● Exercise objective
Please repeat, exactly as written, the line containing "Immagine 12 di" and every line after it through the end of the records below, leaving out any pictures.

[Data records — start]

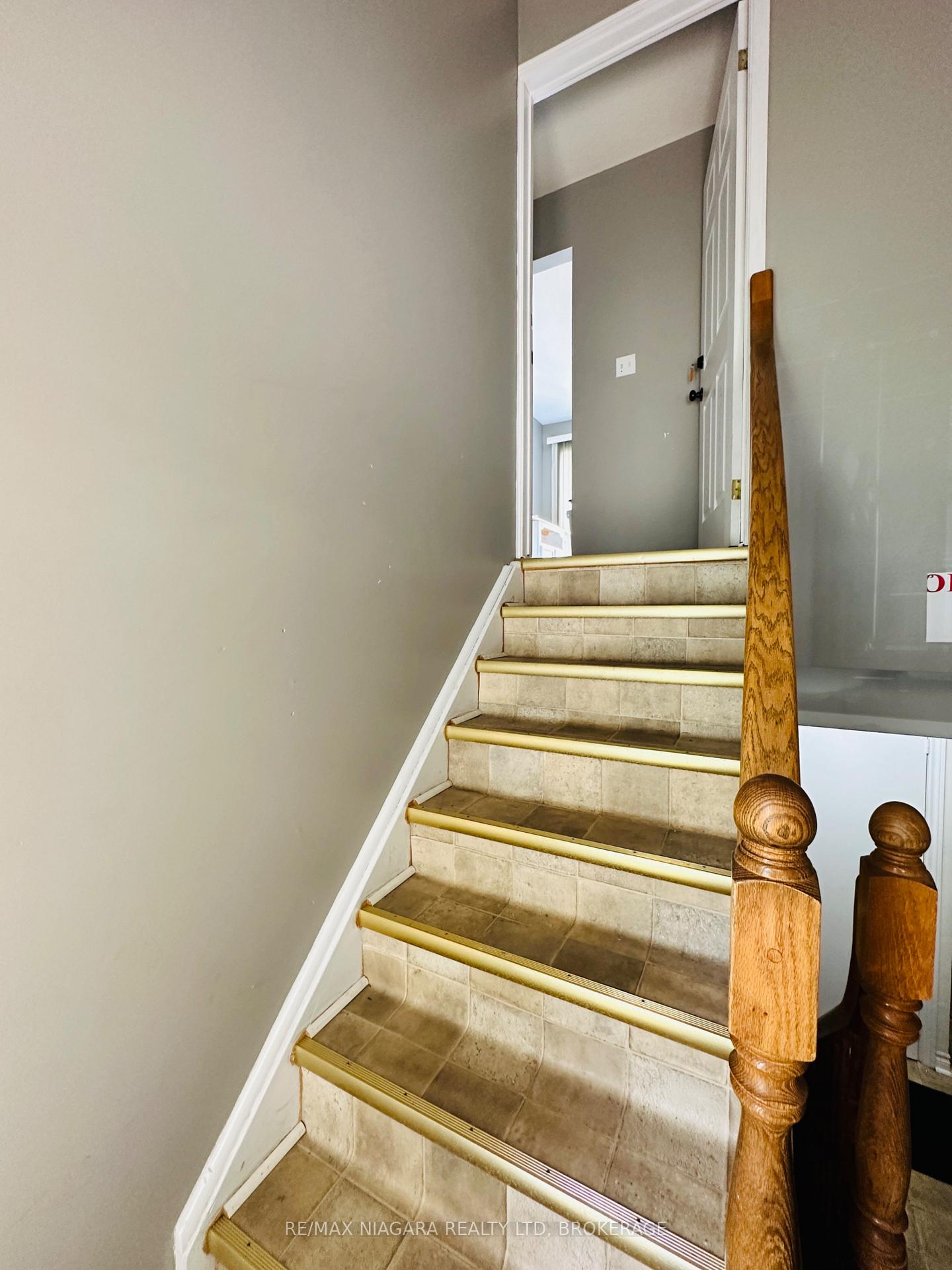 Photo 7 of Unit Main level, 25 Tremont Drive, St. Catharines, Glendale/Glenridge — HOMEH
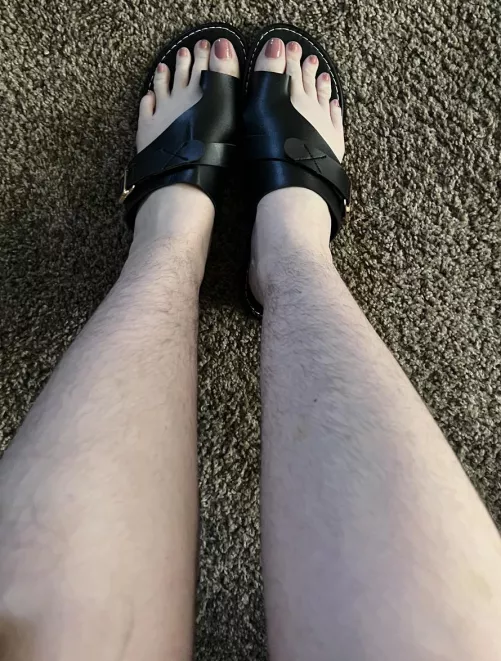 people make fun of my long toes... are they still cute?🥺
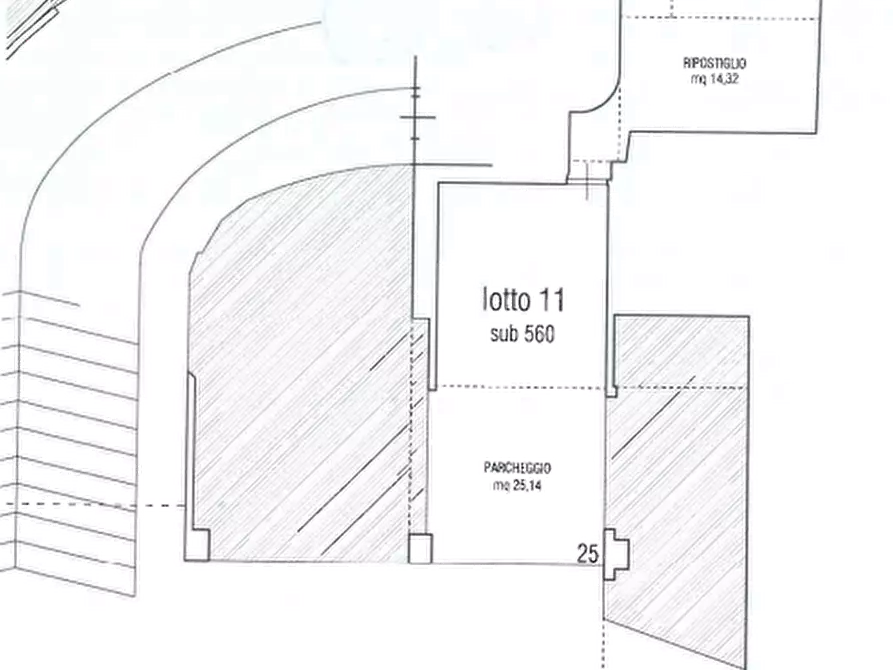 Immagine 12 di Posto auto in vendita  in Via Vittorio Alfieri  a Firenze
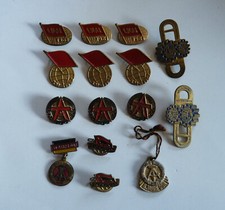 15  DDR Abzeichen  u.a.  1.Mai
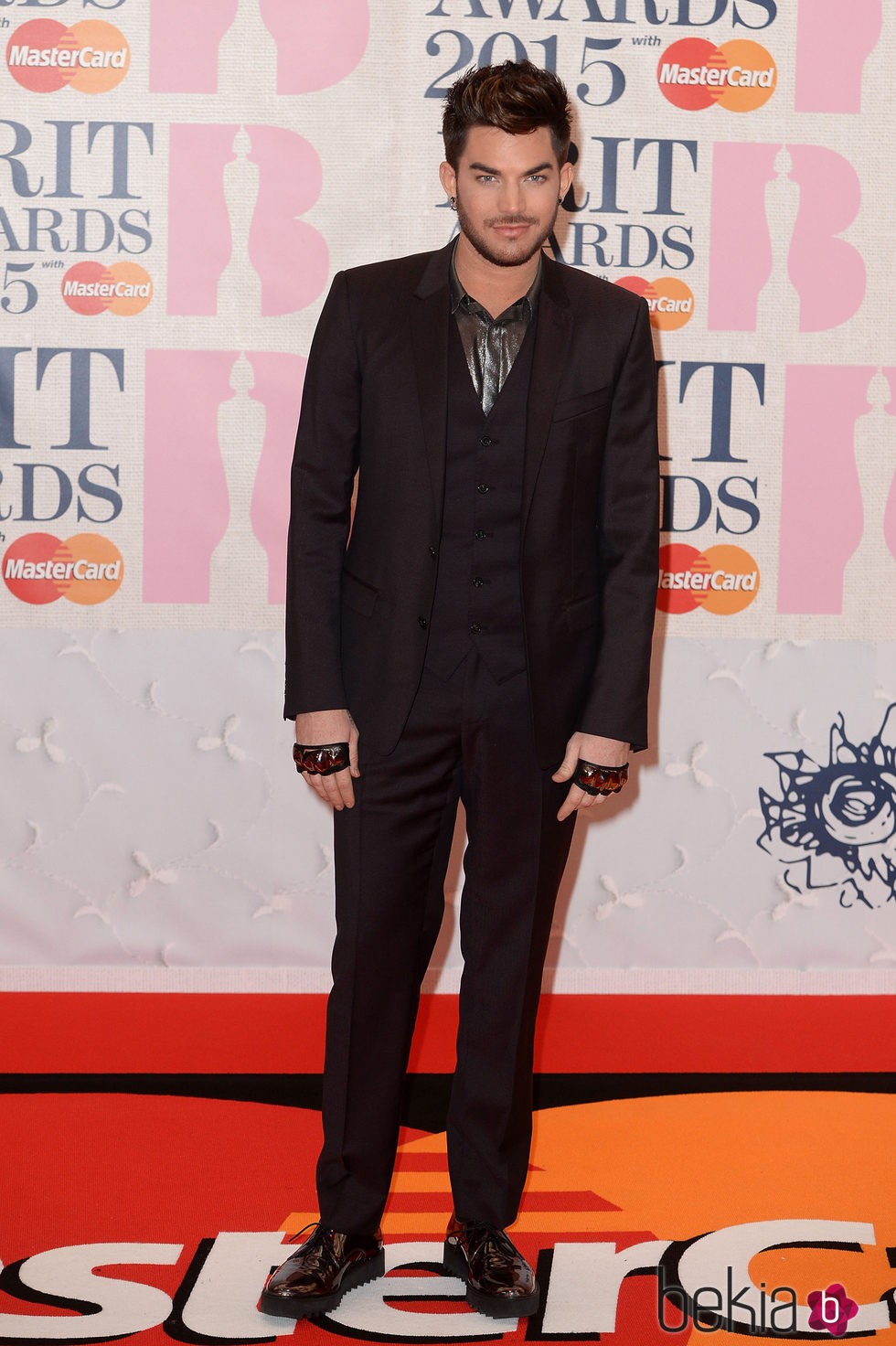 Adam Lambert en la alfombra roja de los Brit Awards 2015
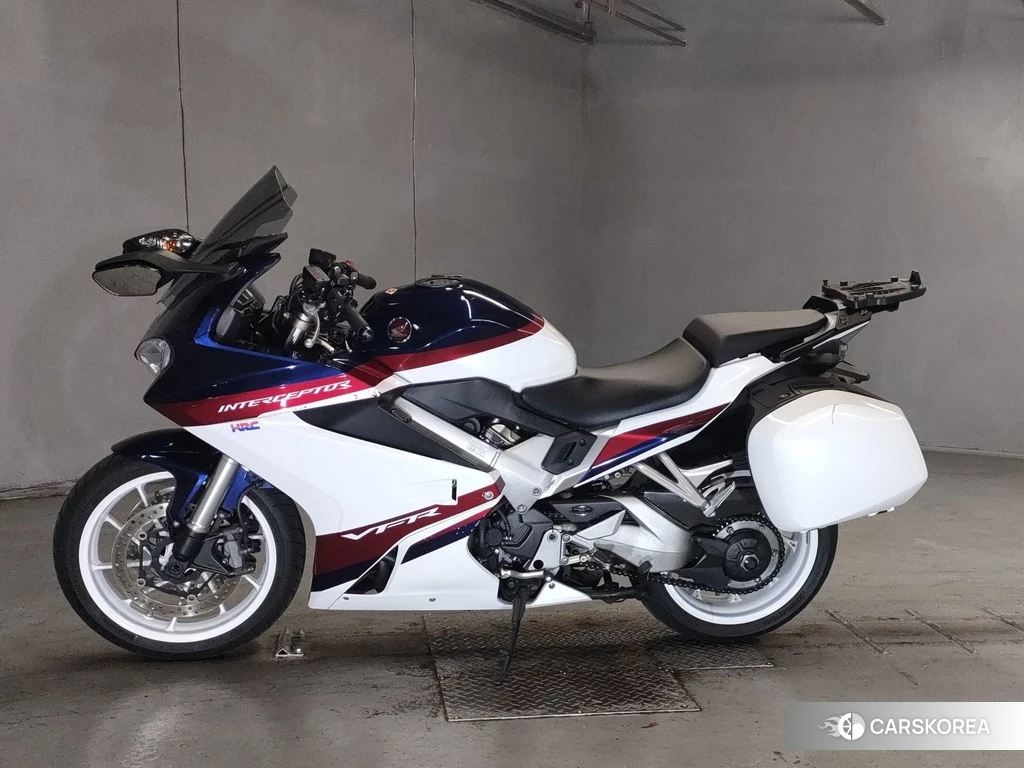 Проданный Honda VFR800F 2019 из Японии
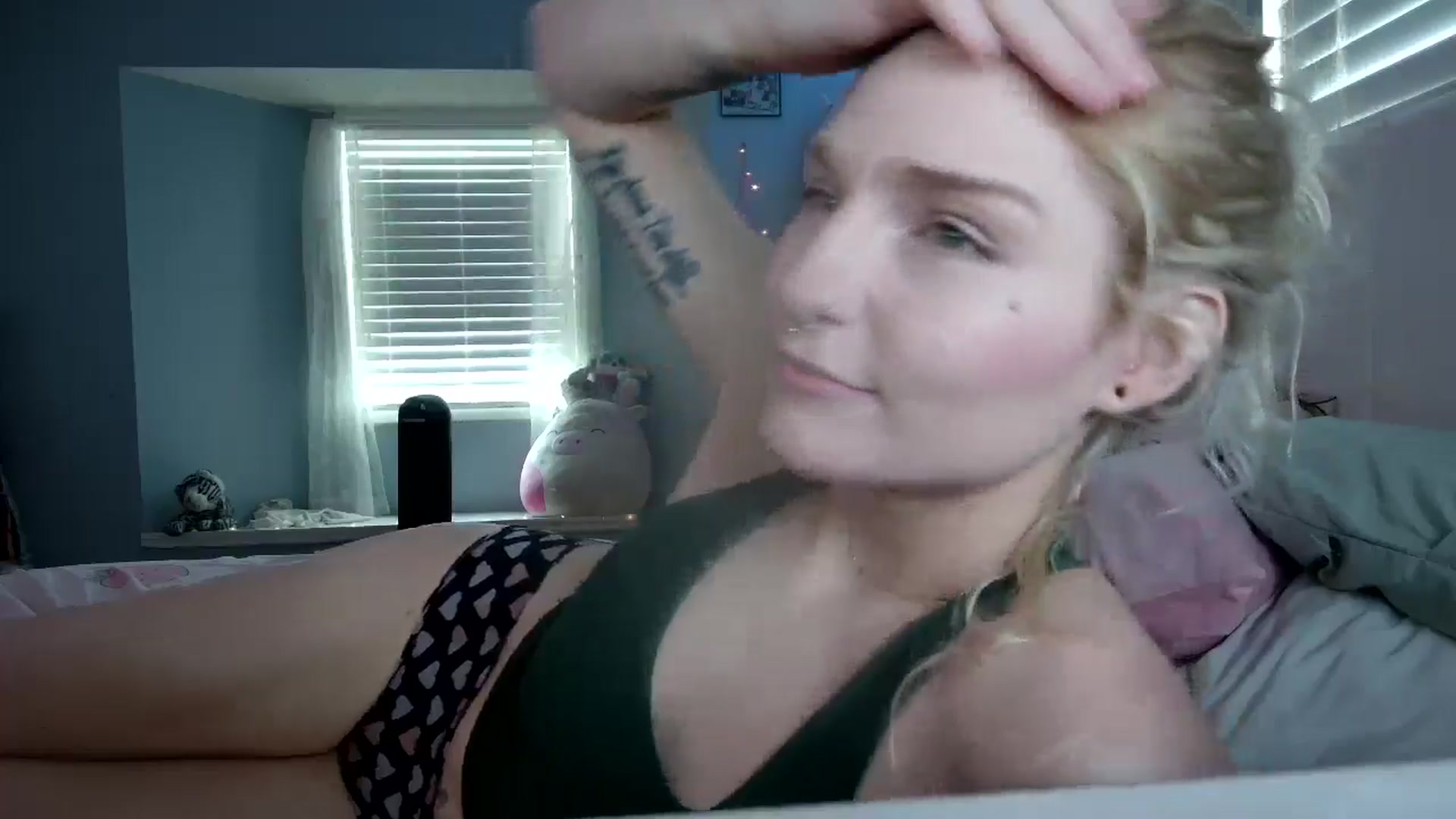 Gallery image thumbnail from DuckChan0's myfreecams stream on, 09/26/2024, 16:33 image 13 of 20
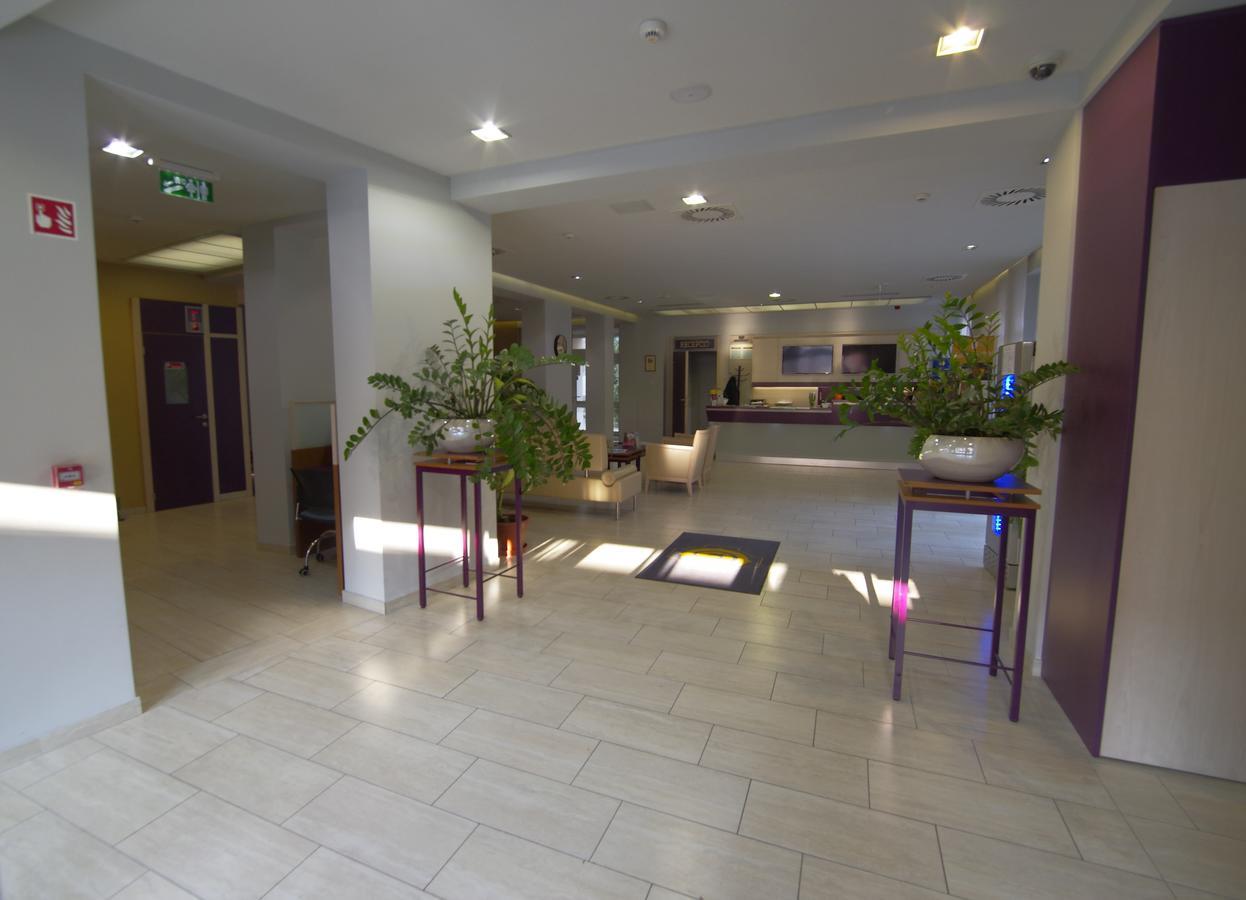 Szent Gellert Hotel Szekesfehervar Exterior photo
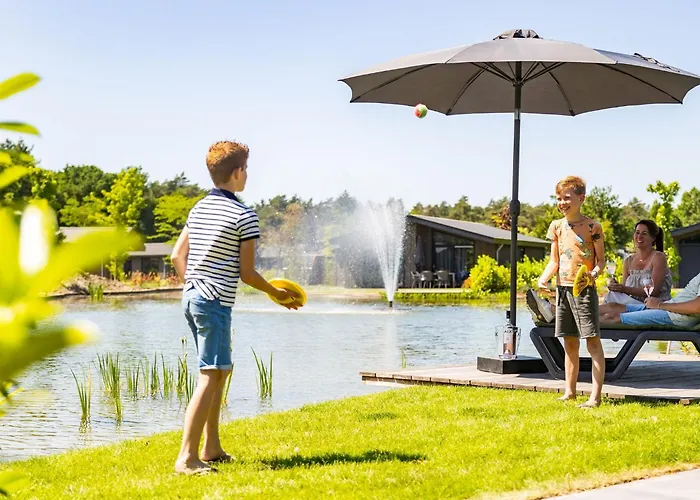 By Pond With Sauna * Veldhoven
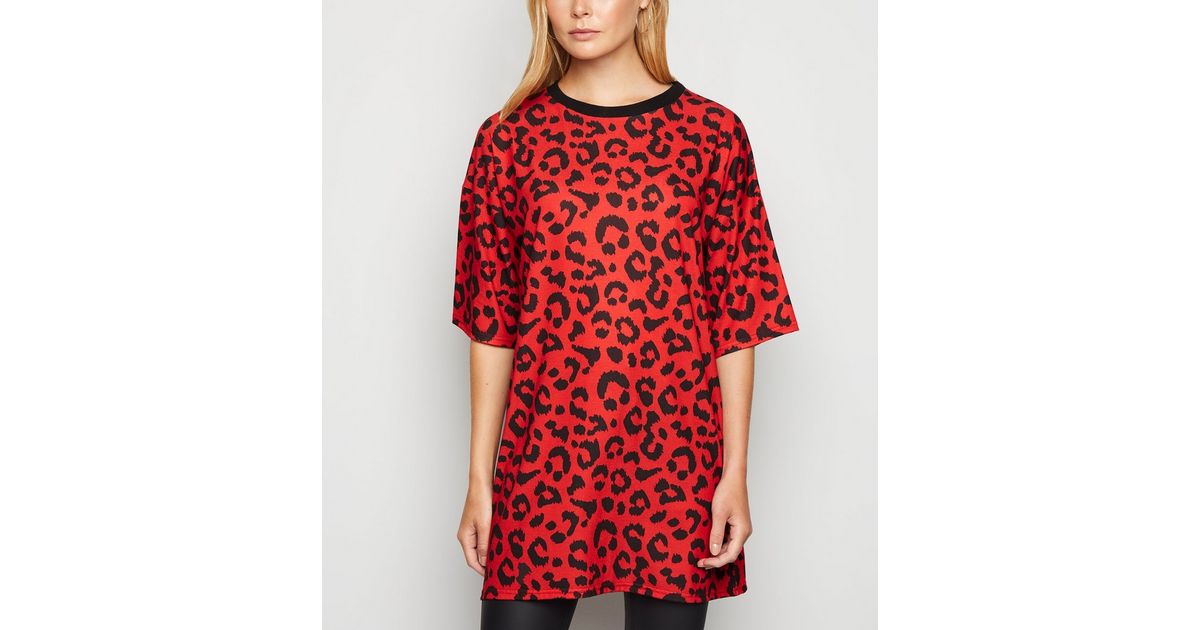 Cameo Rose Rotes T Shirt Kleid Mit Leopardenmuster New Look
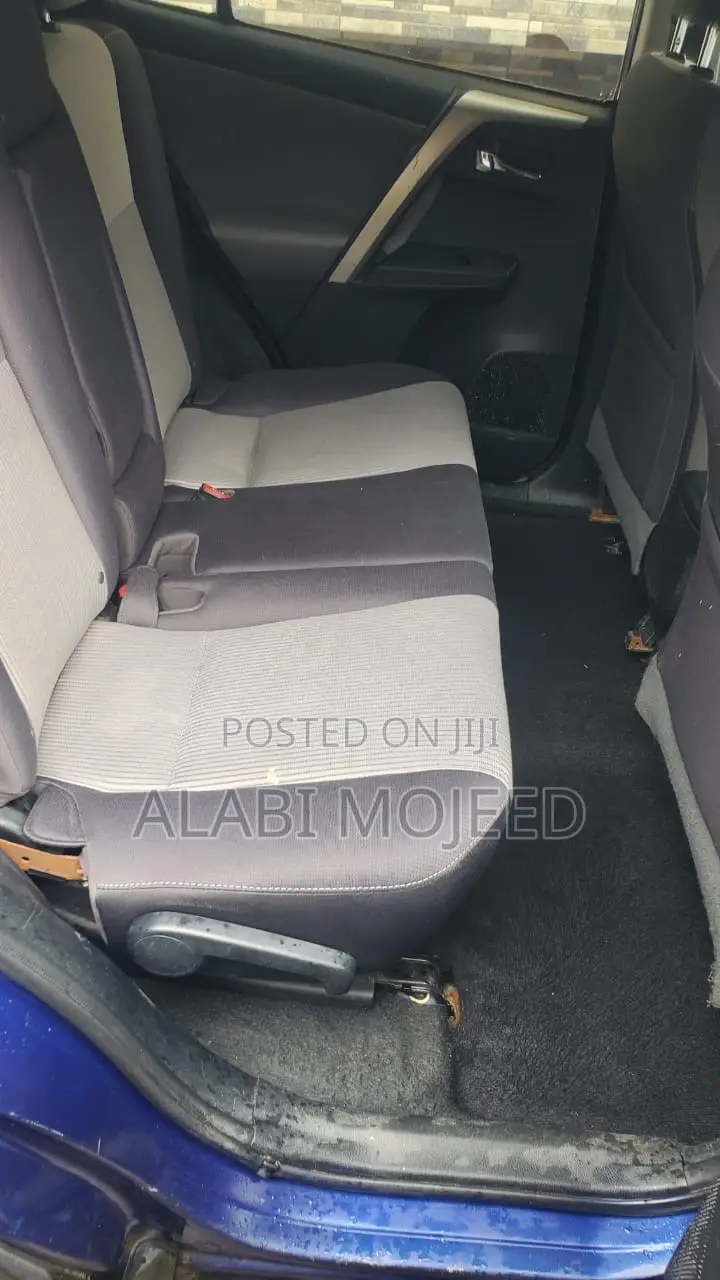 Toyota RAV4 LE AWD (2.5L 4cyl 6A) 2016 Blue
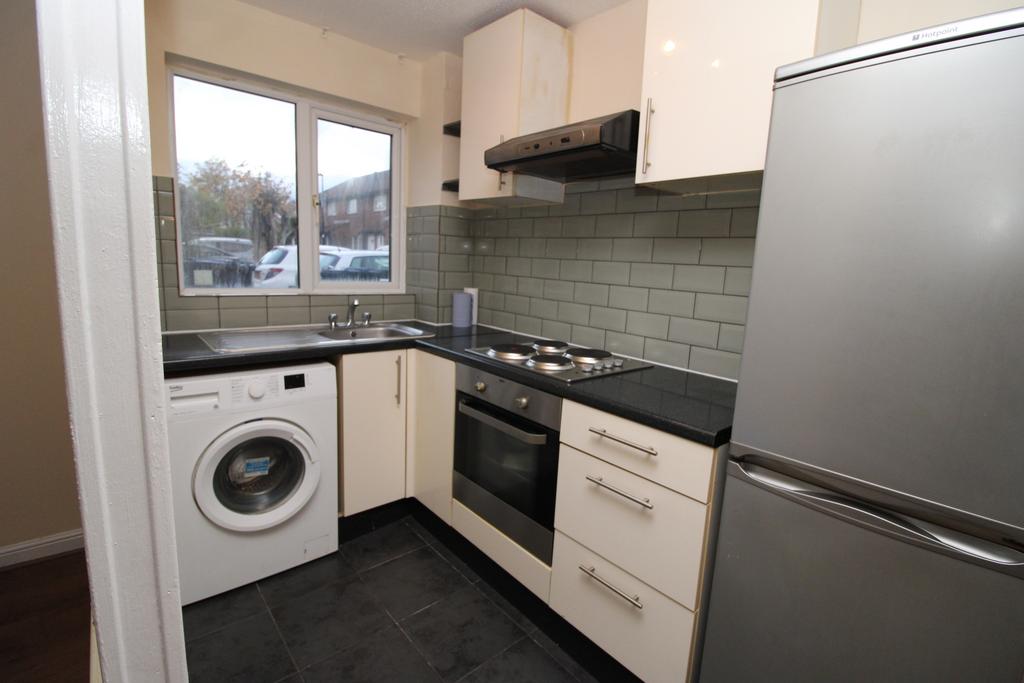 1 Bed Newly Decorated House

[Data records — finish]

● Exercise answer
 Immagine 12 di Posto auto in vendita  in Via Vittorio Alfieri  a Firenze
 15  DDR Abzeichen  u.a.  1.Mai
 Adam Lambert en la alfombra roja de los Brit Awards 2015
 Проданный Honda VFR800F 2019 из Японии
 Gallery image thumbnail from DuckChan0's myfreecams stream on, 09/26/2024, 16:33 image 13 of 20
 Szent Gellert Hotel Szekesfehervar Exterior photo
 By Pond With Sauna * Veldhoven
 Cameo Rose Rotes T Shirt Kleid Mit Leopardenmuster New Look
 Toyota RAV4 LE AWD (2.5L 4cyl 6A) 2016 Blue
 1 Bed Newly Decorated House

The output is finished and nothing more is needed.